Auto-Retrato (v3.0)
Em páginas brancas,
nem sempre em branco;
pergunto: há fim ou começo?
Quem, onde, como?
Seria eu uma Panaceia?
Pajé para todos os males?
Trajando vestes brancas de algodão fino
espalhando saúde enlatada?
(com direito a devolução num prazo de 30 dias a partir da compra)
Ou seria eu o ceifador da pós-modernidade?
Petrificando com palavras a felicidade alheia?
Espalhando a inconveniente verdade: não há deus,
nem vida, nem morte.
Só há nós - na garganta, no peito, entre nós.
Há voltados, para nós, os olhos do abismo.
Profundos tão quanto o vazio da alma.
Assustadores como nós.
Eu, paro, olho.
Seria Hades ou Esculápio.
Nenhum.
Sou ambos os todos.
Sou as gotas de orvalho pela manhã.
O Sol que castiga a nuca ao meio-dia.
O sereno que encobre o pôr do sol.
O calar da noite.
Sou o café morno.
A moeda de um centavo.
A ponte interditada.
O homem que faz disto seu tesouro e casa.

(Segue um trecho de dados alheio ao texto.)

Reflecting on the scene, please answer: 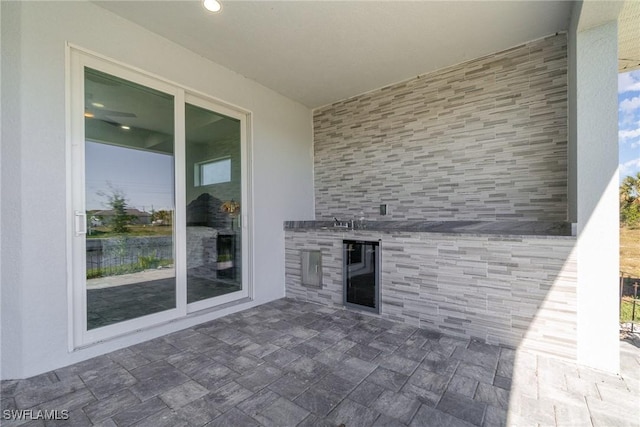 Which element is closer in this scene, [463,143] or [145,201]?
[145,201]

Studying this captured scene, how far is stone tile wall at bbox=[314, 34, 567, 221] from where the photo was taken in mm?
2729

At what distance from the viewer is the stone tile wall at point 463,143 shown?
2.73 metres

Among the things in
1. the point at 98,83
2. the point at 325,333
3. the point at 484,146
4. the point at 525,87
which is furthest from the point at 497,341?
the point at 98,83

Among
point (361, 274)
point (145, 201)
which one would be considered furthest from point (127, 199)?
point (361, 274)

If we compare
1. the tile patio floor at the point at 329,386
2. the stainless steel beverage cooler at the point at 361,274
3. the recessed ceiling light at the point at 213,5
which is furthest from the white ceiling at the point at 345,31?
the tile patio floor at the point at 329,386

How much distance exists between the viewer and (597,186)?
2.05 m

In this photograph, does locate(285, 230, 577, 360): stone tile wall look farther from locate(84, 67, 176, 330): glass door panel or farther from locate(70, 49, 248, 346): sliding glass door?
locate(84, 67, 176, 330): glass door panel

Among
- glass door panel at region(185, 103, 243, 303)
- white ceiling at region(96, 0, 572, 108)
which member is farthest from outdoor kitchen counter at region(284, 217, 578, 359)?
white ceiling at region(96, 0, 572, 108)

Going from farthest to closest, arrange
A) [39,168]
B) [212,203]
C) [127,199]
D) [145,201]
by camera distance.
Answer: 1. [212,203]
2. [145,201]
3. [127,199]
4. [39,168]

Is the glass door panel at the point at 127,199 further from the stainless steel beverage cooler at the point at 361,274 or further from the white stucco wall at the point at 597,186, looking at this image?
the white stucco wall at the point at 597,186

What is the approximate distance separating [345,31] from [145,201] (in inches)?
97.5

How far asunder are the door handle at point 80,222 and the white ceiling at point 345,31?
1.73 meters

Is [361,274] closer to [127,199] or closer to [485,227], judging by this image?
[485,227]

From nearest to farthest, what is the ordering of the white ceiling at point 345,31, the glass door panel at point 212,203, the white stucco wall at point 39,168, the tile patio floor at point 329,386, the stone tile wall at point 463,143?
1. the tile patio floor at point 329,386
2. the white stucco wall at point 39,168
3. the white ceiling at point 345,31
4. the stone tile wall at point 463,143
5. the glass door panel at point 212,203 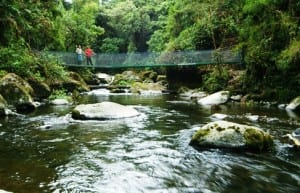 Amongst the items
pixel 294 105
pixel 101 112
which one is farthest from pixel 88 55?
pixel 294 105

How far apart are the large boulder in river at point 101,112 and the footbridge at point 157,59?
8661 mm

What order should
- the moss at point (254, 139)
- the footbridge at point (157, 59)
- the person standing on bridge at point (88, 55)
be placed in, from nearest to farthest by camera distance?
the moss at point (254, 139) → the footbridge at point (157, 59) → the person standing on bridge at point (88, 55)

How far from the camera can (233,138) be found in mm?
6691

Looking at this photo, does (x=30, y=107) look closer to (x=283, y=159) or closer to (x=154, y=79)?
(x=283, y=159)

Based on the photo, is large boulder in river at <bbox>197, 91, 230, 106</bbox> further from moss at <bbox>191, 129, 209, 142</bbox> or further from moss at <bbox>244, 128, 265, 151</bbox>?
moss at <bbox>244, 128, 265, 151</bbox>

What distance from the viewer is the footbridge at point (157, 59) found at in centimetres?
1845

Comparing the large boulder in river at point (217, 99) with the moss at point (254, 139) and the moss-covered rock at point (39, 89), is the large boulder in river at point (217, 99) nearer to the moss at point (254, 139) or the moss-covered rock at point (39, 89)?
the moss-covered rock at point (39, 89)

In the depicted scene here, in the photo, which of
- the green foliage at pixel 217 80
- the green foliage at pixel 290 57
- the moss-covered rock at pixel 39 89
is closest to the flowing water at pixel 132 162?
the green foliage at pixel 290 57

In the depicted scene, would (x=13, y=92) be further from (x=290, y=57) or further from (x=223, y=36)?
(x=223, y=36)

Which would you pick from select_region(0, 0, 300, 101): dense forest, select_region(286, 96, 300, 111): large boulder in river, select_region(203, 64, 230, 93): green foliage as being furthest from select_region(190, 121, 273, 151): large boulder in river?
select_region(203, 64, 230, 93): green foliage

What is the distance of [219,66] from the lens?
18.5 metres

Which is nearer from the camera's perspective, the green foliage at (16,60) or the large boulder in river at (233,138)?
the large boulder in river at (233,138)

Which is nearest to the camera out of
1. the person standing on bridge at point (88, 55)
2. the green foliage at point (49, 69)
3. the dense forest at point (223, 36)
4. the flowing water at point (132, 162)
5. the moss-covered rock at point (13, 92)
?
the flowing water at point (132, 162)

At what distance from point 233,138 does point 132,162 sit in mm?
1844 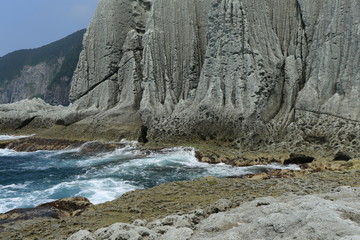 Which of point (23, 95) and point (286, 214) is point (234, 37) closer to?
point (286, 214)

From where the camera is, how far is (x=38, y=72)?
142 meters

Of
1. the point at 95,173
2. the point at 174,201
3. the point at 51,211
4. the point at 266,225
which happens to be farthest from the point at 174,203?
the point at 95,173

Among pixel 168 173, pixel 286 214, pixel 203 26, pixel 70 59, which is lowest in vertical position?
pixel 168 173

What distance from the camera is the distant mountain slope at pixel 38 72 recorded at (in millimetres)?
120062

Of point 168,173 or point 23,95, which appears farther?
point 23,95

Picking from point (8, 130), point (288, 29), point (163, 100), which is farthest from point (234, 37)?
→ point (8, 130)

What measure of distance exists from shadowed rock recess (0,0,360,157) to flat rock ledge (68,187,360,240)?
582 inches

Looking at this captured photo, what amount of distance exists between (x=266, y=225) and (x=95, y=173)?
1504 cm

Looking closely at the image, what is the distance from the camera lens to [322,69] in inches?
853

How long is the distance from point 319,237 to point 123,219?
5.69 m

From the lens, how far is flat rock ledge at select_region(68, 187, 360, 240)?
13.6ft

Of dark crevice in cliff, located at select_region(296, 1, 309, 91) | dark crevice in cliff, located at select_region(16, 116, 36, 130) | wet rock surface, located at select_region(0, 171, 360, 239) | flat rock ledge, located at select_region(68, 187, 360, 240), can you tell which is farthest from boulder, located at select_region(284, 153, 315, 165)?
dark crevice in cliff, located at select_region(16, 116, 36, 130)

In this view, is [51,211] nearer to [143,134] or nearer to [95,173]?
[95,173]

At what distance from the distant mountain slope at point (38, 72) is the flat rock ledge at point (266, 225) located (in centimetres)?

Sou tudo que os olhos não tocam,
o nada que sempre está presente.
Onde todos estão,
mas ninguém é.
Neste mundo de plástico, à venda,
sou aquilo que não se pode comprar.
Aquilo que prateleira alguma contém,
Que infinitas parcelas não trariam.
Sou o pai que cuida.
O marido fiel.
A maré que carrega.
A brisa que leva o calor embora.
O que sou, afinal?
Nada. Tudo.
Não existo.
Existir, hoje, é uma mera formalidade contratual.